The ability to classify the collected data presents many possibilities for the real-world inference of wellbeing using pollution data. The results show that using features extracted from a CNN successfully improved the accuracy in which wellbeing can be inferred. Combining physiological with environmental pollution data achieved an f-score of 0.76 compared with an f-score of 0.61 when trained using only physiological and 0.67 when trained using only environmental pollution data. The ability for pollution data to increase overall f-score demonstrates its impact on wellbeing and shows pollution should continue to be considered as a factor that influences changes in wellbeing. Furthermore, the best performing model was a Random Forest trained using features extracted from a CNN. The ability for machine learning models such as the Random Forest Classifier to outperform a CNN demonstrates the benefits of using a CNN to extract features and train using a separate classifier.

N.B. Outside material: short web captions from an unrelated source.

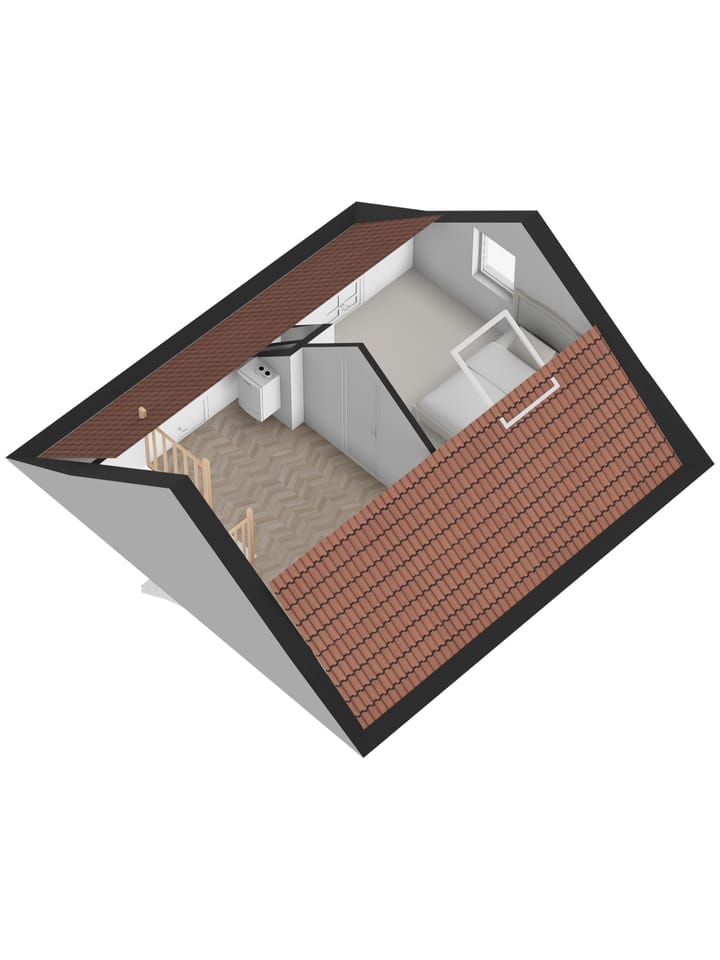 Photo 40 of Van Karnebeekstraat 22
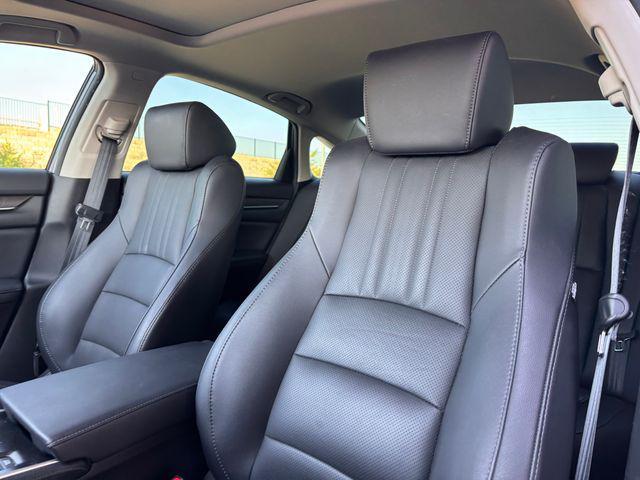 used 2021 Honda Accord car, priced at $24,845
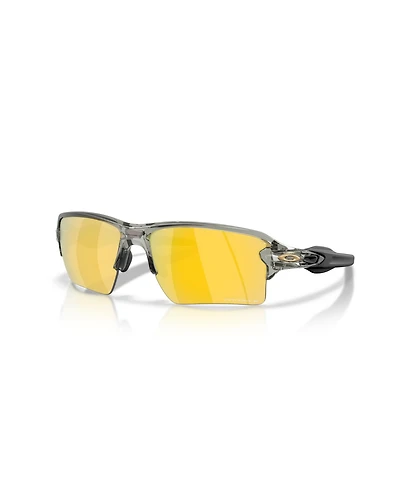 Oakley Men's Polarized Sunglasses
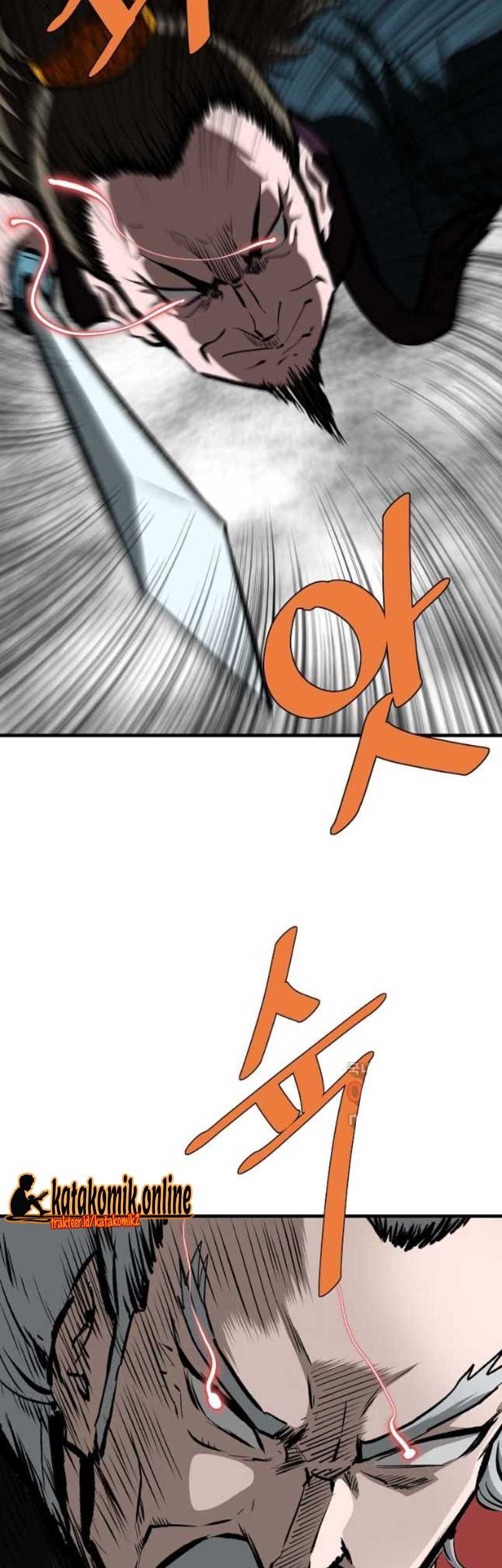 Archer Sword God : Descendants of the Archer Chapter 72 - halaman 5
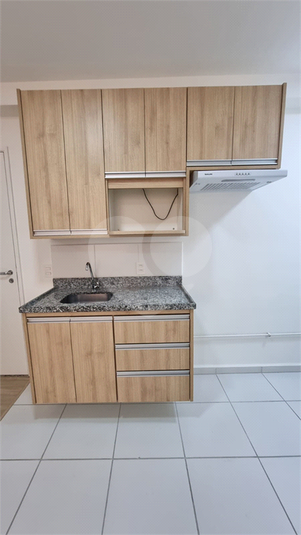 Aluguel Apartamento São Paulo Santana REO995872 28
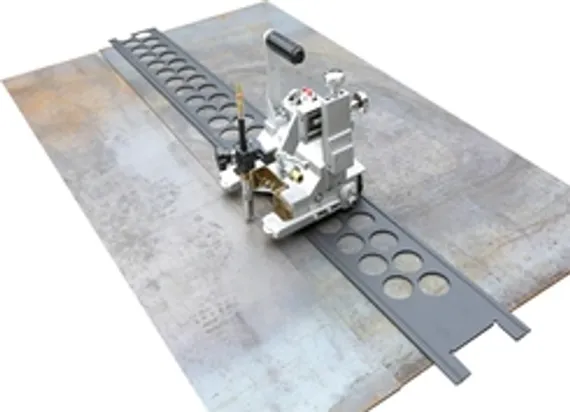 Ролик подающий Сварог (алюминий), 0,8-1 мм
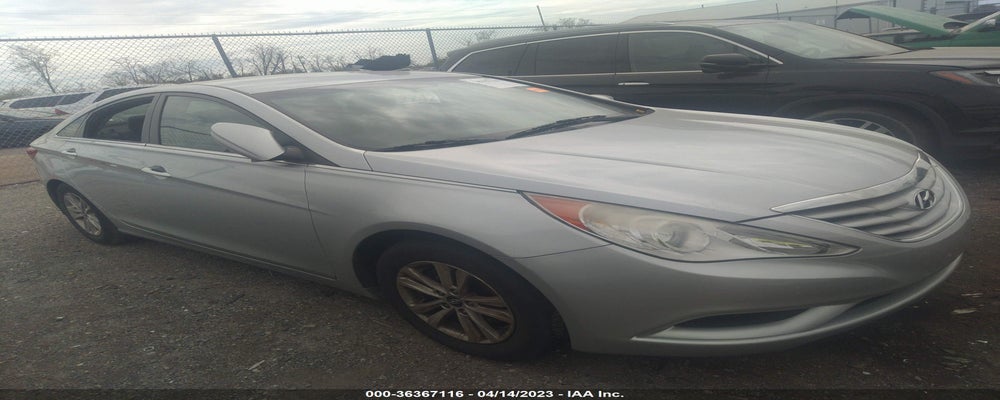 5NPEB4AC6BH135053 2011 HYUNDAI SONATA photo no. 17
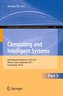 Computing and Intelligent Systems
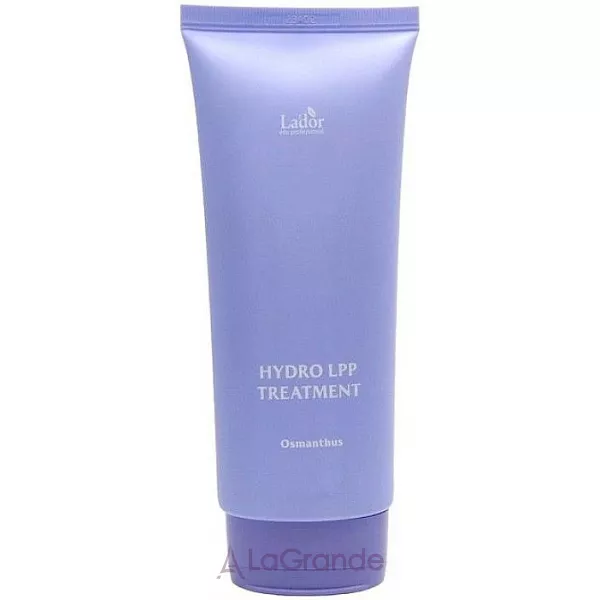 La'dor Hydro LPP Treatment Osmanthus Mauve Edition ��������������� ����� ��� ����� � ���������� � ���������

During this study some limitations were encountered. Early analysis on the collected sensor data found that the Empatica E4 was not reliably collecting participants’ EDA. While the EDA sensor worked successfully for some, for other participants no variation in EDA was recorded throughout the experiment. At the point of fusing the collected sensor data, both CO2 and VOC were found to have collected data for some participants but not all, resulting in its dismissal. As this study was conducted during the COVID-19 pandemic, collecting data in a participant heavy experiment was challenging task. In the future, we aim to recruit more participants to further investigate and generalise the relational impact of the environment on mental wellbeing.

7 Conclusion

In this paper, we proposed the new concept ‘DigitalExposome’ that demonstrated the potential of employing a multi-model mobile sensing approach to further understand the relationship between the environment and its impact on mental wellbeing. To achieve this, a real-world experiment was conducted where participants walked around a specified route reporting their responses and collecting environmental, behavioural and on-body sensor data. Several statistical analysis techniques were used including PCA, Multi variant Linear Regression, Voronoi and data spatial visualisations were implemented to explore the variation in data and the factor importance. In this study, we found that physiological (on-body) sensor data is directly correlated with high levels of pollution (particulate matter in particular) within the environment. In addition, CNNs have helped successfully classify five states of wellbeing achieving an f-score of 0.76 using the fused physiological and pollution data. Sensing technology can shed the light on how people breath, feel and interact with their environment in different surroundings. This can help in offering a better security for city dwellers and creating a bond with their environments. In the future, we hope to consider additional environmental sensors to observe greater changes that may improve our sense of places and characterize the relationship between people and spatial settings, which in turns might influence the future design of urban spaces.